The Club of Growth’s Chris Chocola channelled this 1930s response recently when he said, “We strayed from our principles of limited government, individual responsibility and economic freedom. We have to adhere to those principles to rebuild the party.” But the principles themselves make no sense to the jobless and the hopeless. Obama’s hope is essential, because without hope reality would be unbearable. The Republicans are churlish, too masculine in their derision of social welfare. It is what has prevented them from being a party of the moment. Their leaders resemble frogs, sitting on their own lily-pads, flicking their tongues at the occasional fly, but unable to say anything as the water level drops in the pond.
Prashad continues:Adultery, bribery and whatnot have impaired the chances of anyone leading the Republicans. It might fall to the haughty and tin-eared Mitch McConnell of Kentucky to carry the tattered standard. More than a third of registered Republicans view their own party unfavourably. Things are in a sorry state. Without a party able to offer a rational critique of war and waste, sections of the population will move towards anti-social ideologies of racism and xenophobia. Indications of such a direction are already there, as hate crime numbers rise with the unemployment rate.FDR faced political forces that--while outside the two-party big tent--had big influence in mass social movements of the day. The movements grew out of concrete social realities. The political directions they took were fostered by conscious efforts at "agitation, education and organization"--the ancient labor movement formula--by partisans of the left and the right.
The coalitions of the hungry and the hardened pushed Roosevelt not only to create a social insurance system but also to create the means for them to better organise in the workplace (the National Labour Relations Act). They created the basis for a better life and for collective bargaining. The benefits of their success have now run out; Ronald Reagan’s policies of the 1980s did them in.
The tattered labour movement is now trying to pass the Employee Free Choice Act, which Obama supports. But it is unlikely to move past Congress, where it currently sits, prone before the Blue Dogs and their Republican allies. The one good piece of legislation that would empower workers and help revive a mass-based Left in the U.S. will not be the one necessary concession made by the power elite. They take their cue from the Chambers of Commerce, who feel no threat from a conciliatory President and an absent labour movement. There is none of the heat and light that Roosevelt felt, only a continued faith in Obama’s hope. Would that were enough.
We can laugh at Sarah Palin, but her bid to bring together the gun fondlers, the bible wallopers, the anti-human rights haters, and the other pockets of marginal ultra-rightists, is no joke.
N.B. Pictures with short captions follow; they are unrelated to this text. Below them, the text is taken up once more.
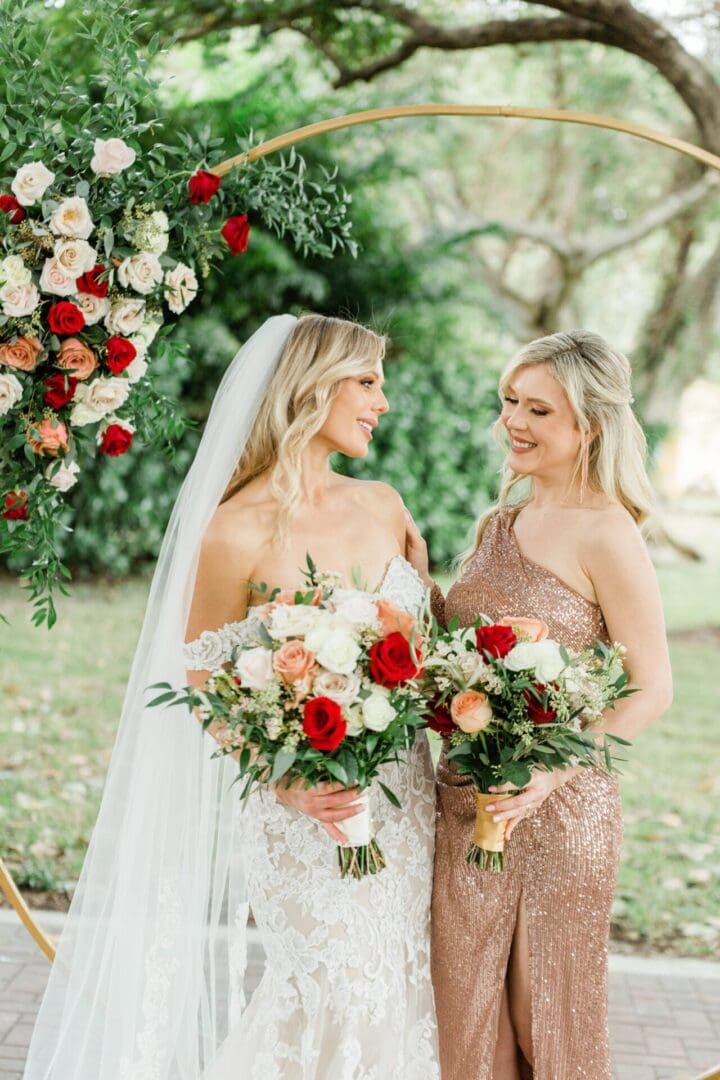 Two women standing next to each other holding bouquets.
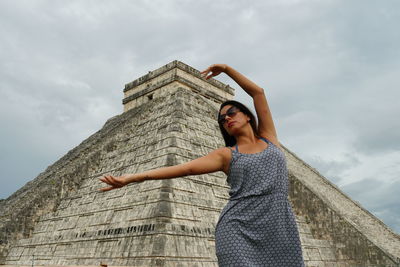 Low angle view of woman standing against the sky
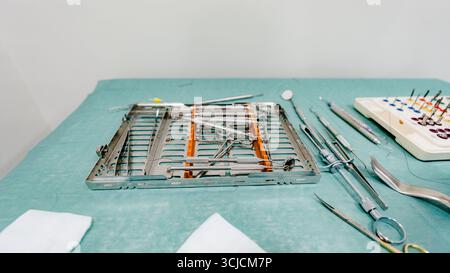 Vari strumenti di implantologia dentale disposti ordinatamente su un vassoio sterile nello studio dentistico. Attrezzature essenziali come trapani e bisturi per una precisione di o. Foto Stock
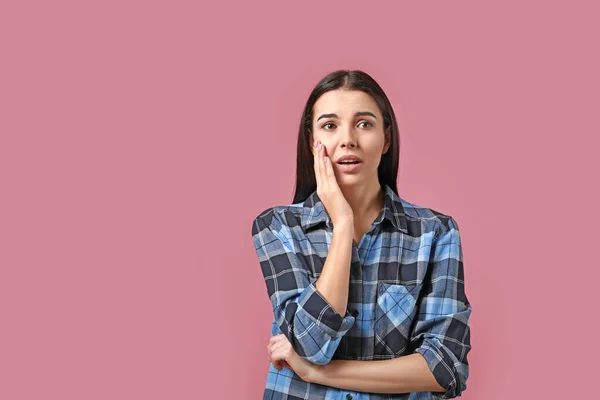 Porträt einer besorgten jungen Frau auf farbigem Hintergrund — Stockfoto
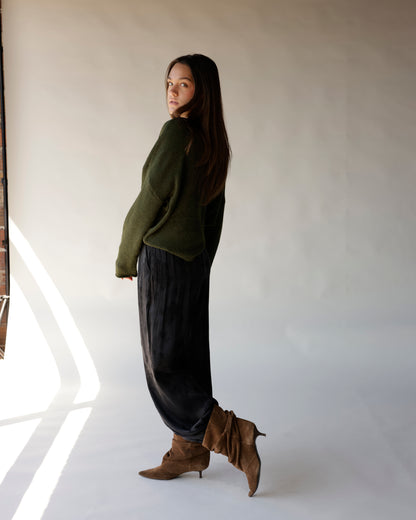 Black satin jogger pants with relaxed fit, styled with green sweater and brown boots.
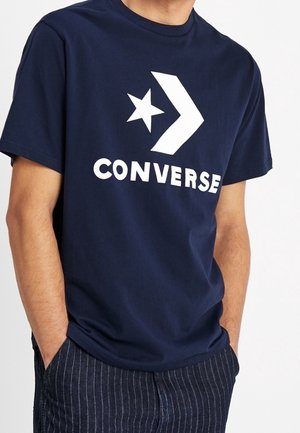 Mężczyzna w granatowym t-shircie z dużym białym logo i napisem Converse, ręce w kieszeniach ciemnych spodni w prążki.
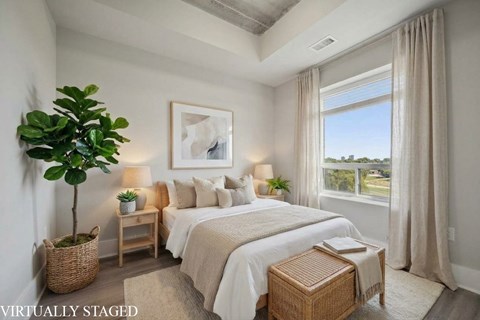 A bedroom with a large bed, a plant, and a window with curtains.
If she can't do it, many others will try--and somebody is likely to succeed, with hatred of Obama as a rallying point.
We need a coherent, political left to help protect the small-'d' democratic inch won in the last election, and fight for the miles of democratic power needed to protect the planet and humanity. It's a defensive battle at this stage. But the spread of the single payer movement, the efforts of unions on the ground to fight for EFCA, and other 'secret storms' show that the battle can be met. Leftists of the movements, ignite!